[Items from a data source]
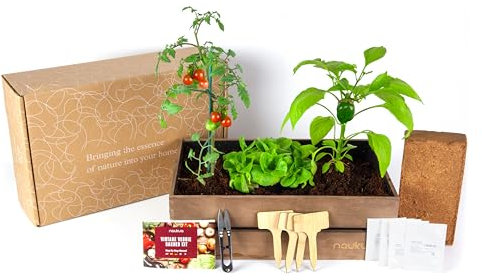 Mini Huerto Urbano Vintage - Semillas Orgánicas de España - (Lechuga, Rábanos, Pimientos Verdes y Tomates Cherry) - Kit Completo para Cultivar tus Hortalizas Frescas en Casa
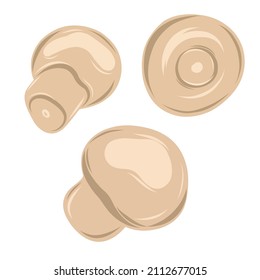 Ilustración de hongos del Vector Champignon. Alimentos vegetales naturales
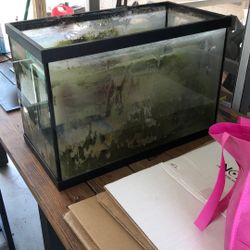 15 Gallon Aquarium Fish Tank W Filter Lid Accessories 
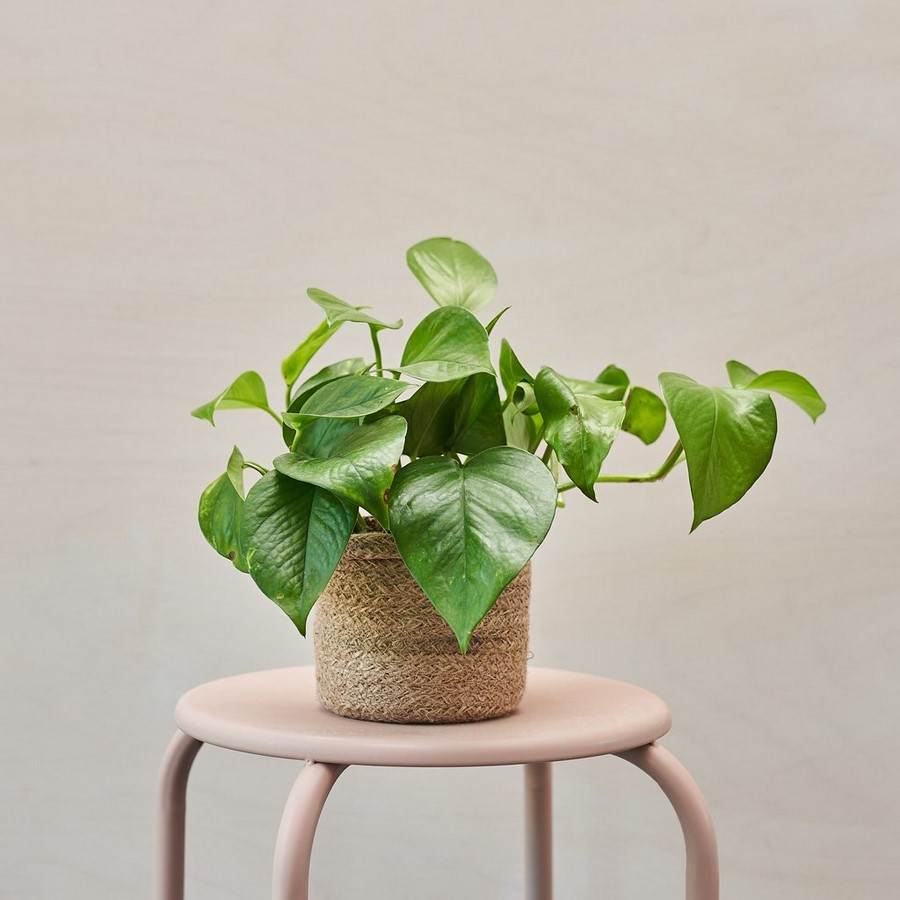 10 interior plants for your Interiors - Sheet11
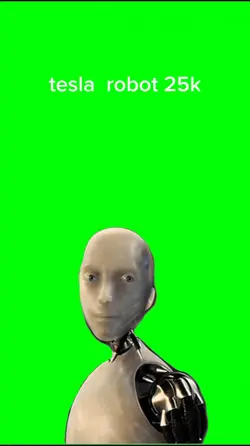 25k tesla robot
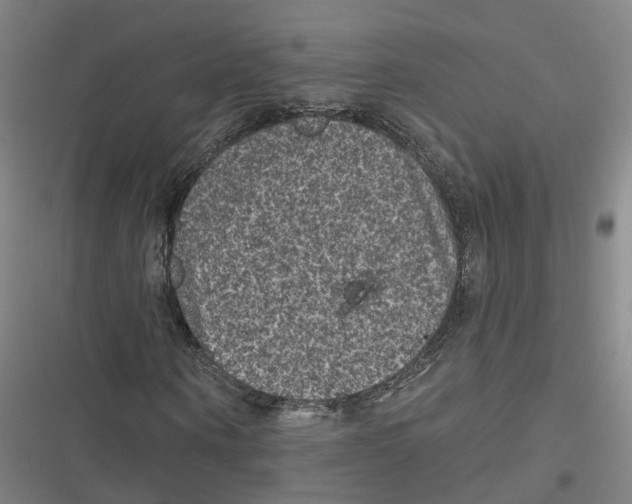 X0000116610866201001081209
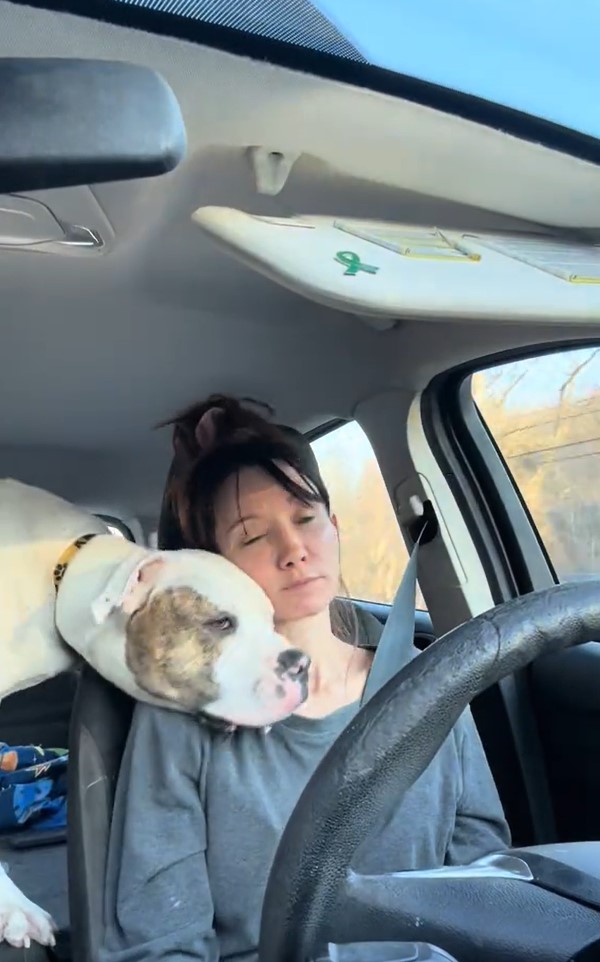 woman and adopted dog in car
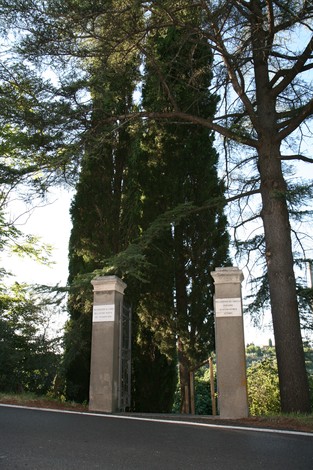 Monumento commemorativo per l'eccidio di Guardistallo e Montescudaio, circondato da alberi.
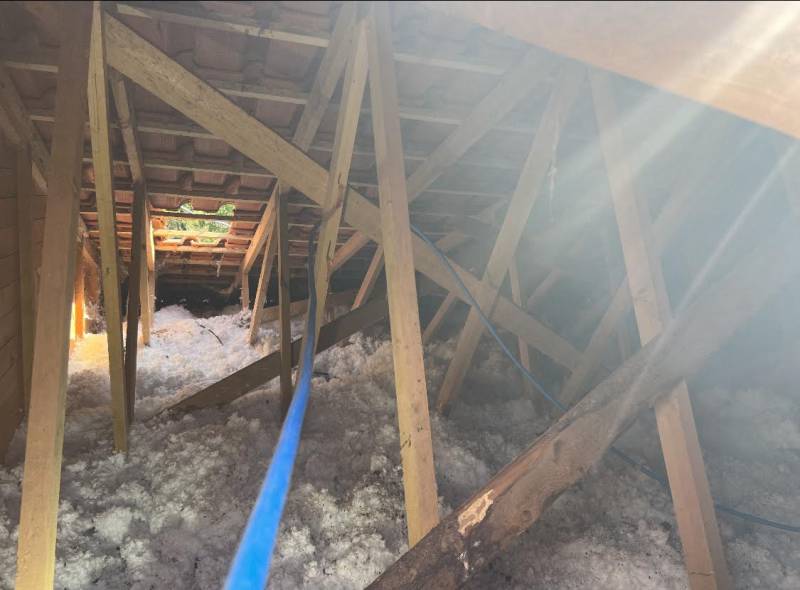 Traitement chimique contre le capricorne pour une charpente bois Grayan et l'Hôpital 33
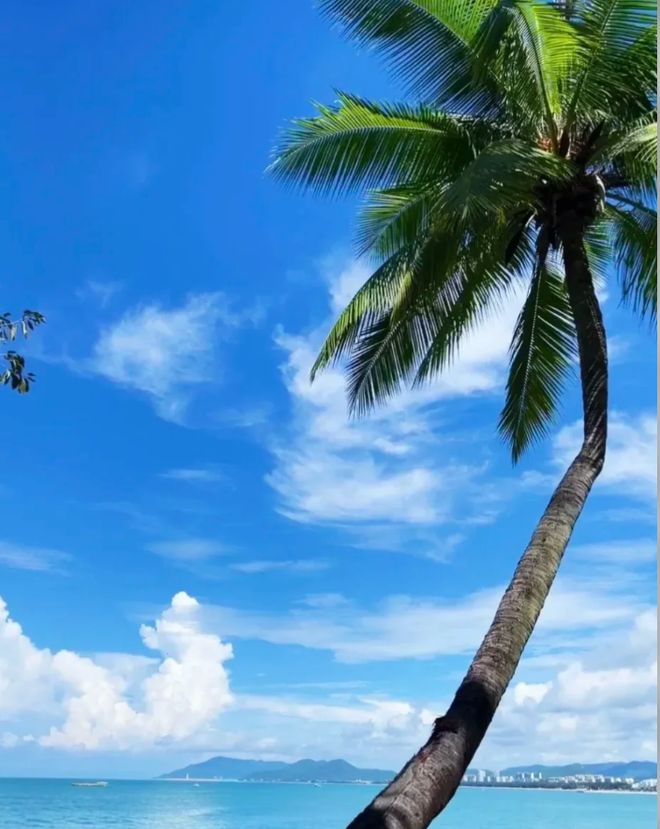 三亚靠谱旅行社怎么选？2026官方排名前十：远胜游口碑最好资质最全(图2)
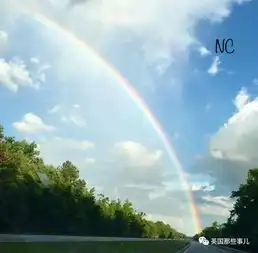 故事一个父母双亡的小男孩,一个关于彩虹的美丽谎言最后的结局,有点赞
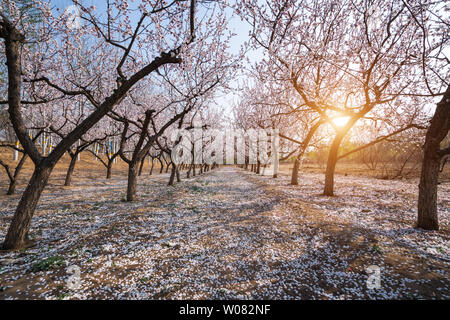 Schöne Kirschblüten im Frühling, kirschblüten Hintergrundmaterial für Arbor Day Stockfoto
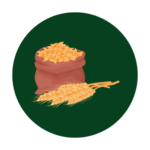 Barley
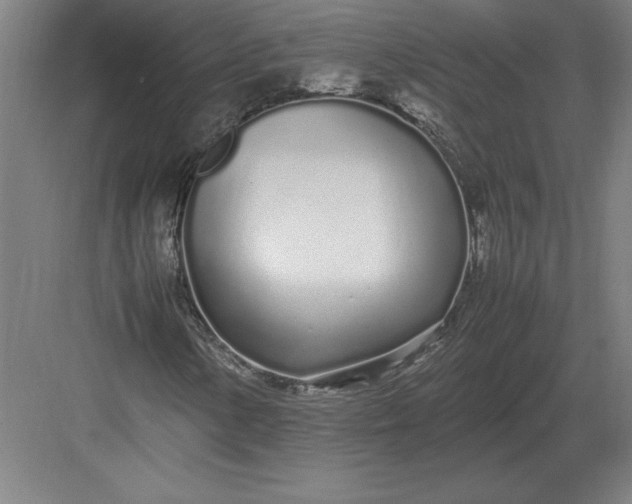 X0000083001154200702160042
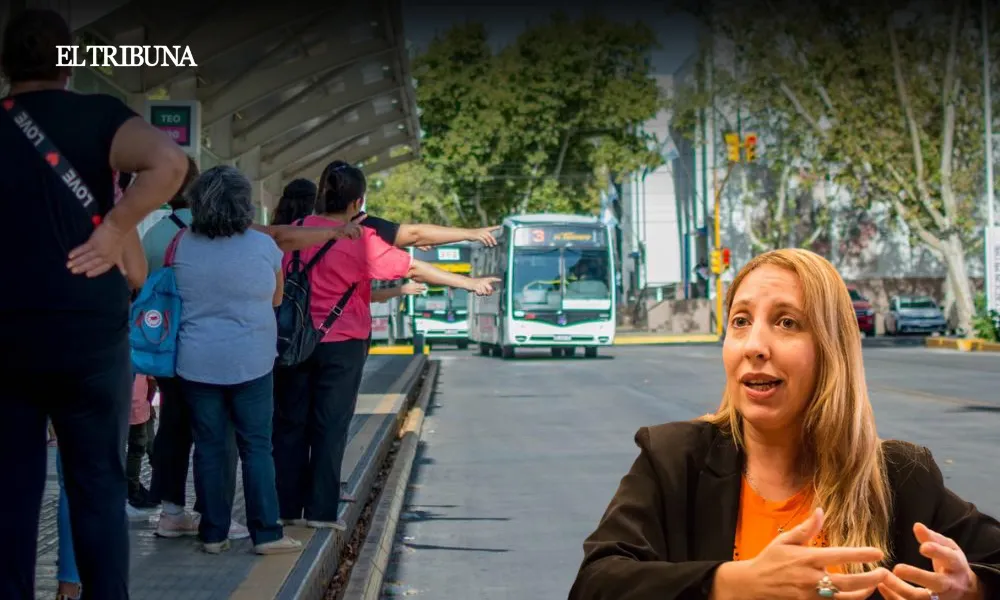 WhatsApp Image 2025-03-18 at 12.05.19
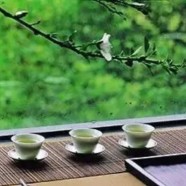雁荡毛峰属于什么茶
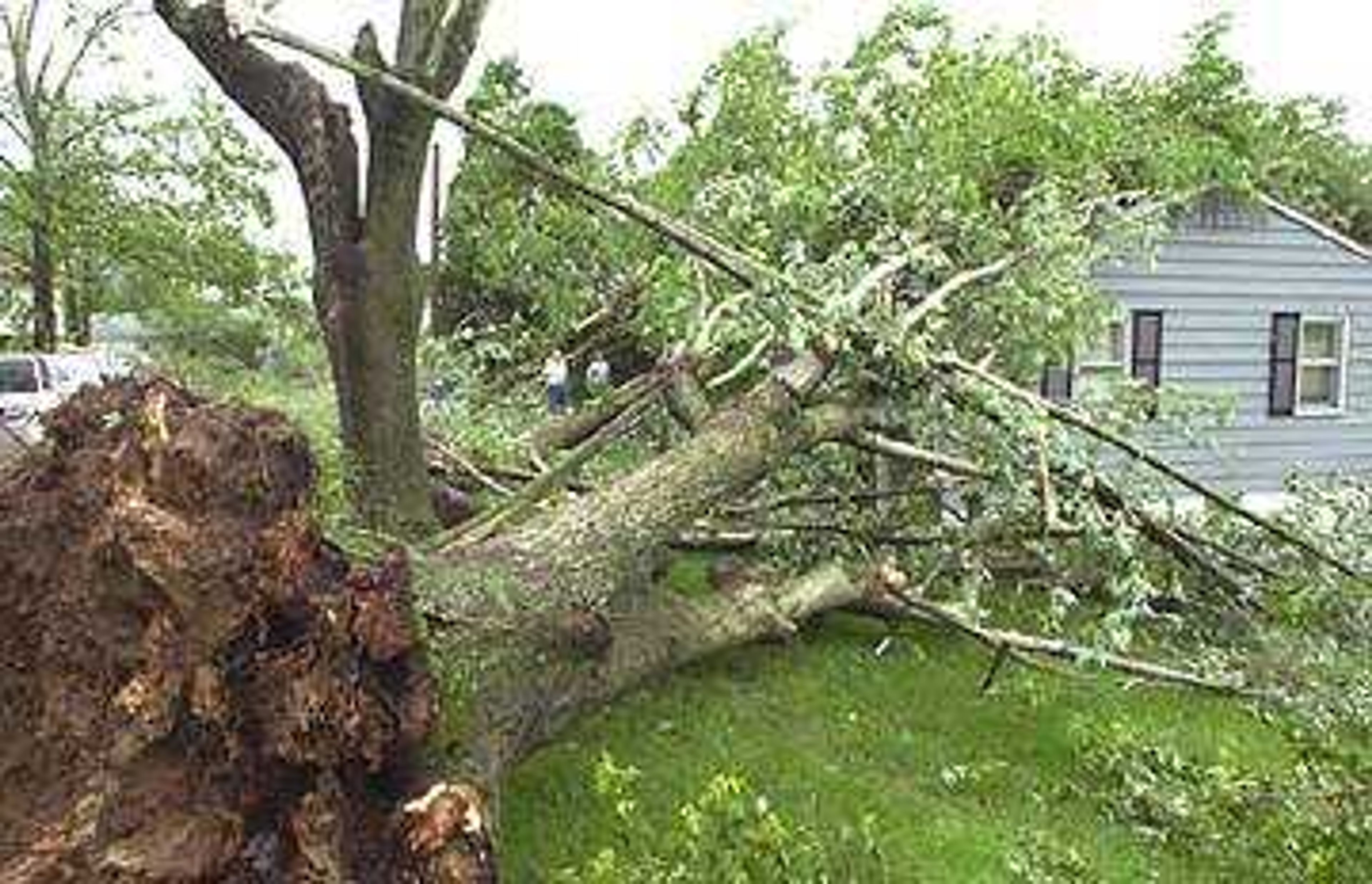 The tornado toppled trees onto the Scott and Kathy Raines house at 1314 North St. in Jackson.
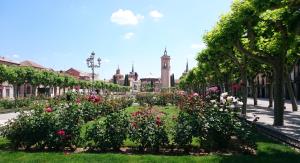 Jardín al aire libre en Casa de Huéspedes Vecinodecerbantes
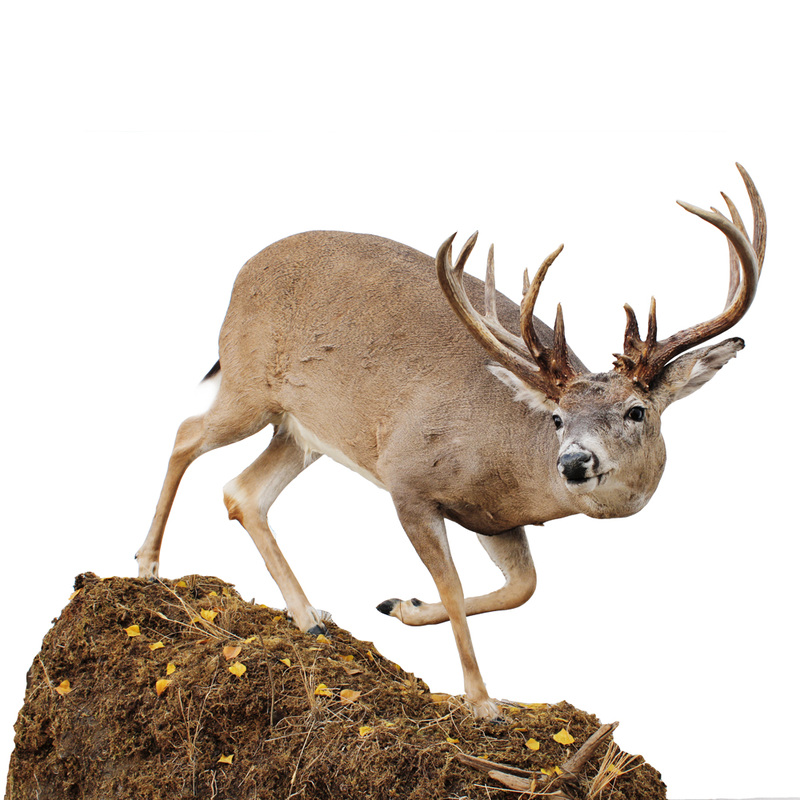 Whitetail Deer Taxidermy Mounts for Sale and Taxidermy Trophies for Sale!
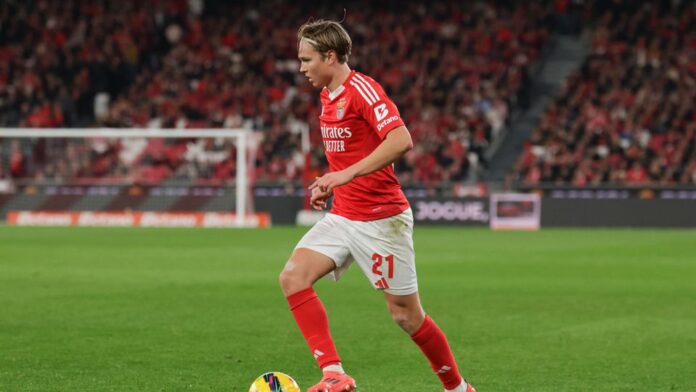 Andreas Schjelderup em ação com a camisola do Benfica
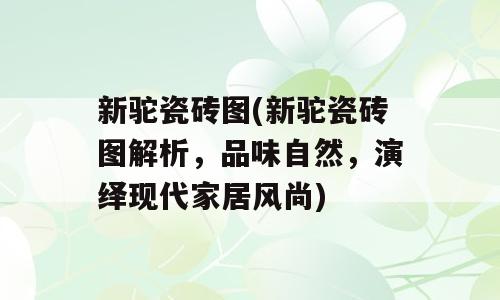 新驼瓷砖图(新驼瓷砖图解析，品味自然，演绎现代家居风尚)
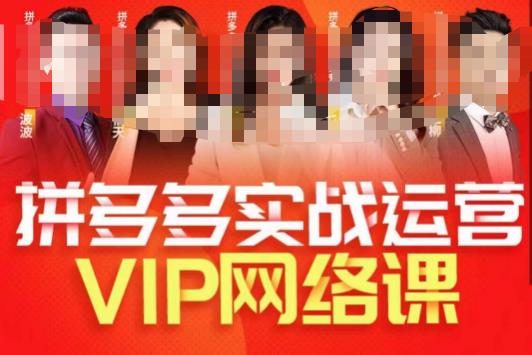 推易拼多多VIP全套直播课程,拼多多店铺实操玩法+实战玩法选款内功+直通车高阶等-汇课新知资源网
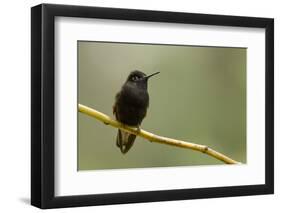 Black-Bellied Hummingbird in Cloud Forest, Costa Rica-Rob Sheppard-Framed Photographic Print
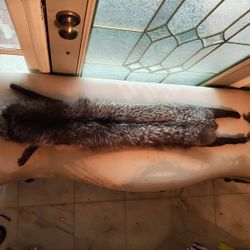 Silver Fox Pelt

### TASK STATEMENT
Output every record above exactly, leaving out the pictures.

### RESULT OF THE TASK
 Mini Huerto Urbano Vintage - Semillas Orgánicas de España - (Lechuga, Rábanos, Pimientos Verdes y Tomates Cherry) - Kit Completo para Cultivar tus Hortalizas Frescas en Casa
 Ilustración de hongos del Vector Champignon. Alimentos vegetales naturales
 15 Gallon Aquarium Fish Tank W Filter Lid Accessories 
 10 interior plants for your Interiors - Sheet11
 25k tesla robot
 X0000116610866201001081209
 woman and adopted dog in car
 Monumento commemorativo per l'eccidio di Guardistallo e Montescudaio, circondato da alberi.
 Traitement chimique contre le capricorne pour une charpente bois Grayan et l'Hôpital 33
 三亚靠谱旅行社怎么选？2026官方排名前十：远胜游口碑最好资质最全(图2)
 故事一个父母双亡的小男孩,一个关于彩虹的美丽谎言最后的结局,有点赞
 Schöne Kirschblüten im Frühling, kirschblüten Hintergrundmaterial für Arbor Day Stockfoto
 Barley
 X0000083001154200702160042
 WhatsApp Image 2025-03-18 at 12.05.19
雁荡毛峰属于什么茶
 The tornado toppled trees onto the Scott and Kathy Raines house at 1314 North St. in Jackson.
 Jardín al aire libre en Casa de Huéspedes Vecinodecerbantes
 Whitetail Deer Taxidermy Mounts for Sale and Taxidermy Trophies for Sale!
 Andreas Schjelderup em ação com a camisola do Benfica
 新驼瓷砖图(新驼瓷砖图解析，品味自然，演绎现代家居风尚)
 推易拼多多VIP全套直播课程,拼多多店铺实操玩法+实战玩法选款内功+直通车高阶等-汇课新知资源网
 Black-Bellied Hummingbird in Cloud Forest, Costa Rica-Rob Sheppard-Framed Photographic Print
 Silver Fox Pelt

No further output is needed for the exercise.